- [Brief descriptive captions]:
-*-

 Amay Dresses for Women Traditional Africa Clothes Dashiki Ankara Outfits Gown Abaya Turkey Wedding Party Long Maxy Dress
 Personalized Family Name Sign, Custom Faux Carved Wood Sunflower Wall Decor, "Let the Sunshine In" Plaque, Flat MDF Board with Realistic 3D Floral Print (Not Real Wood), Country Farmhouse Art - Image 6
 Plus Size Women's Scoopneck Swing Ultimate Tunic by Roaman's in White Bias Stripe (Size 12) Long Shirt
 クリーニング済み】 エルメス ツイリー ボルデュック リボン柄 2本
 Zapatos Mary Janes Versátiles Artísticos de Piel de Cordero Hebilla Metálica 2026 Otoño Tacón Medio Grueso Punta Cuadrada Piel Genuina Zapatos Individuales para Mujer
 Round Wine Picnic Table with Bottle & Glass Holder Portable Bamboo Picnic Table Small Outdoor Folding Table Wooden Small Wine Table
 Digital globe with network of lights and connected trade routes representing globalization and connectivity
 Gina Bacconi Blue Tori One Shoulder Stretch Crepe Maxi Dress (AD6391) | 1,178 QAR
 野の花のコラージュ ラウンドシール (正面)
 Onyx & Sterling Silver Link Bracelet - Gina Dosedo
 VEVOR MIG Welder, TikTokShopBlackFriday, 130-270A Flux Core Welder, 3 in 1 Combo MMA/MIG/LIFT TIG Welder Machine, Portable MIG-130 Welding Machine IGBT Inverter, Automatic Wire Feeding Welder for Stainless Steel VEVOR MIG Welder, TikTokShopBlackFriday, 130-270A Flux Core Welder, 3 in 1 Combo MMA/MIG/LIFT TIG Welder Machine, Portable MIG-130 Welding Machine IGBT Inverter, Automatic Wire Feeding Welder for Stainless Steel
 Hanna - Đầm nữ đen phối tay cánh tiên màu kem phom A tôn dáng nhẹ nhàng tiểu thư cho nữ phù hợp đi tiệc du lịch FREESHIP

-*-

- [Task objective]:
Copy the lines of the data above exactly as written, beginning with the line containing "Plus Size Women's" and ending with the line containing "Zapatos Mary Janes", and leave out all other lines.

- [Exercise output]:
 Plus Size Women's Scoopneck Swing Ultimate Tunic by Roaman's in White Bias Stripe (Size 12) Long Shirt
 クリーニング済み】 エルメス ツイリー ボルデュック リボン柄 2本
 Zapatos Mary Janes Versátiles Artísticos de Piel de Cordero Hebilla Metálica 2026 Otoño Tacón Medio Grueso Punta Cuadrada Piel Genuina Zapatos Individuales para Mujer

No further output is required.